You’ve smashed the record, won over the crowds,
you used to be no-one, but now you’re the star.
You’ve rendered a nation of sceptics proud.

Now stand for the anthem. Pee in this jar.



In the next room my life’s great love exhales
a weary song to wind my daughter down
and with that melody the world unspools—

the sky reddens beyond the thin curtain,
our growing baby’s coos become slow breaths
before the song itself has come undone.

The evening’s dimming leads me to reflect
on all the human voices that I’ve known
that never will be able to attest

their verdict on the man I have become.


There is a beach I dream of now and then,
the run down sort, well past its glory days,
cream teas poured for aging denizens

still anchored to their Daily Express ways.
Only their dogs are dumb enough to splash
about in the silty, sub zero waves.

To tell the truth, I’m not fond of the place,
it’s more the fact I get there on the bus
to interchange within a field of maize

bisected by a road devoid of cars,
no pavements or buildings to be seen either,
no sightings of the local populace,

just me on my Todd at the bus shelter,
waiting for the empty double decker,
the obscured face and mumbles of the driver…

Sometimes I get the waking urge to make a
return to the beach that doesn’t exist.
I spare no wistful thought for shoreline breakers,

it is the no-man’s bus stop that I miss.


A cheer peels out from a tower block window,
I don’t know which exactly, nor which nation
just blundered their way to Olympic gold.

I get home and switch to the rival station
and let out a little cheer of my own
as Roger Moore skis off the snow capped mountain

to open up his parachute again.


A poem is a slender shred of paper
twirling through the slender thermo currents,
almost invisible amongst the capers

of all those hooting hordes, those heaving torrents
of bodies filling up the stadium.
It snags on a wire fence with flitty patience,

awaits the bedrock of a human palm.


I don’t have any sandwiches in foil,
nor a favourite bench to scoff them on.
I never stop to breathe when on a stroll,

nor when I’m on a slow paced evening run.
I like my neighbourhood as a slight blur,
with stuffy lectures hissing through headphones.

My name ain’t currency in my manor,
it’s not even a penny on the ground,
although I’ve sometimes stooped to snatch a tenner

without missing a step while on my rounds.
They know my face from the few times I show it,
though my name ain’t one of the usual sounds

on locals’ lips. I’m not the “local poet” .

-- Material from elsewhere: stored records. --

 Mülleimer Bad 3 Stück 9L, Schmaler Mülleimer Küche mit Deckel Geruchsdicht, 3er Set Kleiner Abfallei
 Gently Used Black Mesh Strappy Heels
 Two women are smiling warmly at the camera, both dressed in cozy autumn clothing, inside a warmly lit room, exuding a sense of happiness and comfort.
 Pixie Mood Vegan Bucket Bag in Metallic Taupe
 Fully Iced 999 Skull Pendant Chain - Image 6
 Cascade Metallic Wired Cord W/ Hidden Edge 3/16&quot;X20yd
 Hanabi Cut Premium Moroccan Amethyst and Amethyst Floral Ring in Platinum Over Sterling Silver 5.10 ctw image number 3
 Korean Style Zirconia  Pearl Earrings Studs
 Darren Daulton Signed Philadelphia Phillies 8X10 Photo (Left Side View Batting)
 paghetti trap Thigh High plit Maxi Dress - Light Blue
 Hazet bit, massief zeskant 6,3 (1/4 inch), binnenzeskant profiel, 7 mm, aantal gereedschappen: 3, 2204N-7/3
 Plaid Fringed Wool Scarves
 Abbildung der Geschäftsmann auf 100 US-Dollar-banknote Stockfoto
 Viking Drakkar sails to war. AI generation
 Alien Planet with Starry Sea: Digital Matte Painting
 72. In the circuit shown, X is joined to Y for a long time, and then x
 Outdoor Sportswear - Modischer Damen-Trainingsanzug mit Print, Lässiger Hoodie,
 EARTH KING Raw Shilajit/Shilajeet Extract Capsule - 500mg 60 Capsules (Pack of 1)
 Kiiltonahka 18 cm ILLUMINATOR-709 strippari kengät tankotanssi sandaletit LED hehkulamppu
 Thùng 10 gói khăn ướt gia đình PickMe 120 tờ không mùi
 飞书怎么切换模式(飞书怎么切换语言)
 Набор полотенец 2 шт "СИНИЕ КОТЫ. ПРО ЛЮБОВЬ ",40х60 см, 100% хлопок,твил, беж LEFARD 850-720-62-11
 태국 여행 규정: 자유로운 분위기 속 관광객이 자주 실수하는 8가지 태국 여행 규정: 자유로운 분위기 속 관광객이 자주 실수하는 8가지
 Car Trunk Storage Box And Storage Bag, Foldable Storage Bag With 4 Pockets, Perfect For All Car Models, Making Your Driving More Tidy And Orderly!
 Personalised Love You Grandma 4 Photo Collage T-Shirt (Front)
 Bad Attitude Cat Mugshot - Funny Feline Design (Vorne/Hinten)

I never, ever moaned about the rain,
I liked unfurling black, umbrella wings
over my metre wide psychic domain;

loved how grass verges flushed and gutters sang
their warbly baritones. My pasty skin
could breath in those conditions, felt no pangs

of severance from our blazing mother sun,
the hydrogen homestead, our atoms’ maker.
We might be made of stars but life began

within the churning plenitude of water.


The last time I tackled this book of poems
(another copy, from the library)
was on our Honeymoon—the distant foam

(beyond our sunbeds, hissing at the beach)
was laced with jellyfish; the throbbing tide
would drag us quickly off, out of the reach

of any rescuers that might have tried
to dredge us back from the South China Sea.
The lines could never catch, perhaps my mind

was still softened by jet lag, so I’d sleep
until the clouds blew in from the rainforest
to send us back to watch Malay TV

as Orangutans shrank into their nests
and binturongs wrapped their constrictor tails
around thick, swaying trunks as the tempest

blew over in time for our evening meal.
Right now, the sun is squinting through our blinds,
the bills come in and undergarments flail

as the wash cycle clicks from rinse to spin.
Even our little girl, dozing next door,
has come to know the torpor of routine.

The lines that sailed over my head before
all spark to life as I read them again.
Some poems fail on bright, exotic shores—

they need the dry tinder of the mundane.


The only sunset we see from my flat
is reflected from the stacked windows
of tower blocks on a housing estate

in Forest Hill, about four miles or so
across the leafy swathe of Dulwich streets.
I doubt that I will ever come to know

the little lives played on the twelve square feet
of carpet in their cosy living rooms,
or whether they are taking in the sight

of the sun vanishing behind our roof.


If someone robbed me of a spare few quid
to go towards a fancy dinner spread
and offered me a spring roll, I’d take it.

So while you’ll never see me live or dead
down Stratford during that loathsome fortnight,
I might just watch it on my TV set

and hate it nonetheless. I paid for it.